A televisão só transmitiu porque a polícia foi ineficiente em isolar o local. Mesmo
assim, penso que as TVs deveriam ter considerado a violência da situação antes de decidir transmitir ao vivo. Afinal, devido ao horário, sempre haveria o risco de crianças terminarem por assistir a cenas extremamente violentas.
Um dos grandes méritos narrativos do documentário é costurar de maneira exemplar a história pessoal do Sandro do Nascimento com a realidade coletiva da exclusão social no Brasil.

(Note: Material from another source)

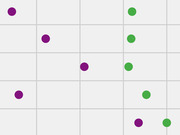 Scatter plot showing purple and green dots distributed across a grid, likely comparing two groups across two variables with no visible axis labels.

O que é preciso para deter a lógica perversa que não para de produzir “Sandros”
no Brasil?
Sinceramente, não sei a resposta. Posso apenas afirmar que a solução dos problemas brasileiros, o da violência inclusive, depende de uma melhor distribuição de renda e do crescimento do país.
Algumas pessoas diretamente envolvidas, como o comandante da polícia que chefiou as negociações com o sequestrador, não deram entrevistas em Ônibus 174. O policial se recusou a falar?
Documentários são feitos com pessoas convidadas pelo cineasta. Convidei o coronel Penteado, mas ele preferiu não participar do projeto. O mesmo fez o ex-governador Anthony Garotinho.
Como você chegou ao “assaltante profissional” que aparece no filme?
Por meio de conhecidos do Sandro que moram na favela da Nova Holanda.
Você, como diretor, se exime de emitir um julgamento definitivo sobre o fato –
ainda que fique evidente seu esforço em jogar luz a respeito das circunstâncias que transformaram Sandro em um marginal. Qual a sua opinião pessoal sobre o sequestrador e sobre a ação da polícia no episódio?
Acho que o filme demonstra que o Estado foi o maior responsável pela tragédia. Por um lado, tratou o Sandro com extrema violência desde que ele passou a viver nas ruas. O Estado brasileiro pode ser considerado parcialmente culpado pelas atitudes violentas tomadas pelo Sandro dentro do ônibus, incluindo aí o fato de ele não ter se entregado. E o Estado também não consegue organizar uma polícia competente.